The conclusion to be argued from this as regards the advances of Western science in its last phase (which will cover, or quite possibly will not cover, the next two centuries) is, that in proportion as megalopolitan shallowness and triviality drive arts and sciences on to the bookstall and into the factory, the posthumous spirit of the Culture will confine itself more and more to very narrow circles; and that there, remote from advertisement, it will work in ideas and forms so abstruse that only a mere handful of superfine intelligences will be capable of attaching meanings to them.

VIII

In no Classical art-work is a relation with the beholder attempted, for that would require the form-language of the individual object to affirm and to make use of the existence of a relation between that object and ambient unlimited space. An Attic statue is a completely Euclidean body, timeless and relationless, wholly self-contained. It neither speaks nor looks. It is quite unconscious of the spectator. Unlike the plastic forms of every other Culture, it stands wholly for itself and fits into no architectural order; it is an individual amongst individuals, a body amongst bodies. And the living individuals merely perceive it as a neighbour, and do not feel it as an invasive influence, an efficient capable of traversing space. Thus is expressed the Apollinian life-feeling.

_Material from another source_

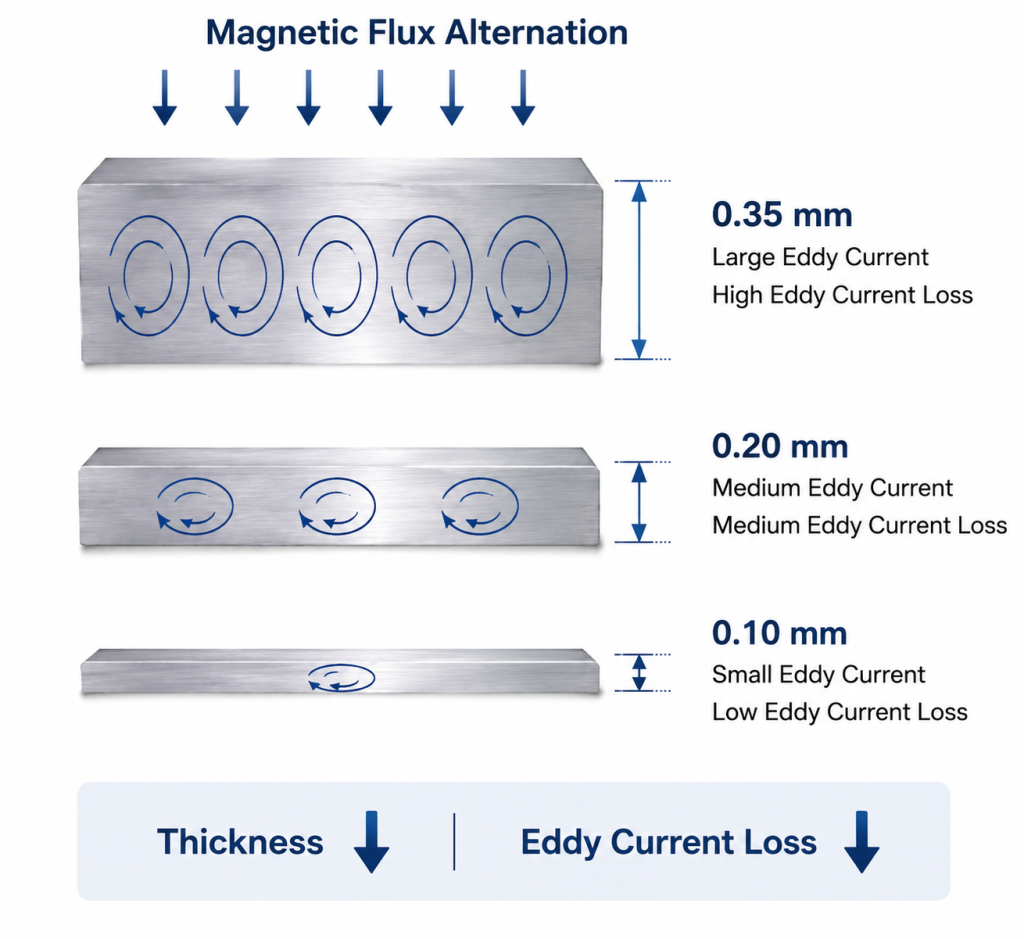 Comparison of 0.35mm 0.20mm and 0.10mm silicon steel thickness showing reduced eddy current loss in thinner laminations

The awakening Magian art at once reversed the meaning of these forms. The eyes of the statues and portraits in the Constantinian style are big and staring and very definitely directed. They represent the Pneuma, the higher of the two soul-substances. The Classical sculptor had fashioned the eyes as blind, but now the pupils are bored, the eye, unnaturally enlarged, looks into the space that in Attic art it had not acknowledged as existing. In the Classical fresco-painting, heads are turned towards one another, but in the mosaics of Ravenna and even in the relief-work of Early-Christian-Late-Roman sarcophagi they are always turned towards the beholder, and their wholly spiritual look is fixed upon him. Mysteriously and quite un-Classically the beholder’s sphere is invaded by an action-at-a-distance from the world that is in the art-work. Something of this magic can still be traced in early Florentine and early Rhenish gold-ground pictures.

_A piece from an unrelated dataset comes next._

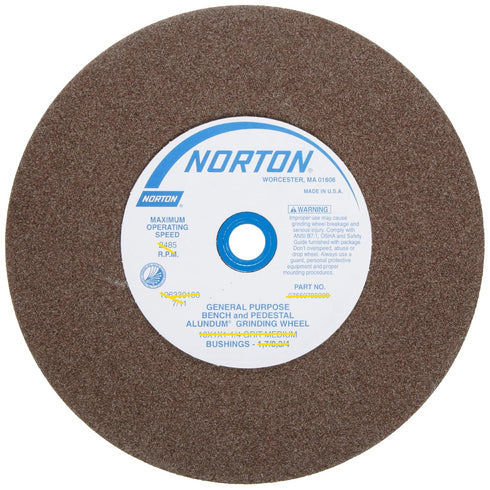 Norton Bench and Pedestal Abrasive Wheel - Type 01 Straight, Aluminum Oxide, 5" Diameter, Fine Grit (Pack of 1)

Consider, now, Western painting as it was after Leonardo, fully conscious of its mission. How does it deal with infinite space as something singular which comprehends both picture and spectator as mere centres of gravity of a spatial dynamic? The full Faustian life-feeling, the passion of the third dimension, takes hold of the form of the picture, the painted plane, and transforms it in an unheard-of way. The picture no longer stands for itself, nor looks at the spectator, but takes him into its sphere. The sector defined by the sides of the frame—the peepshow-field, twin with the stage-field—represents universal space itself. Foreground and background lose all tendency to materiality and propinquity and disclose instead of marking off. Far horizons deepen the field to infinity, and the colour-treatment of the close foreground eliminates the ideal plane of separation formed by the canvas and thus expands the field so that the spectator is in it. It is not he, now, who chooses the standpoint from which the picture is most effective; on the contrary, the picture dictates position and distance to him. Lateral limits, too, are done away with—from 1500 onwards overrunnings of the frame are more and more frequent and daring. The Greek spectator stands before the fresco of Polygnotus. We sink into a picture, that is, we are pulled into it by the power of the space-treatment. Unity of space being thus re-established, the infinity that is expanded in all directions by the picture is ruled by the Western perspective;[410] and from perspective there runs a road straight to the comprehension of our astronomical world-picture and its passionate pioneering into unending farness.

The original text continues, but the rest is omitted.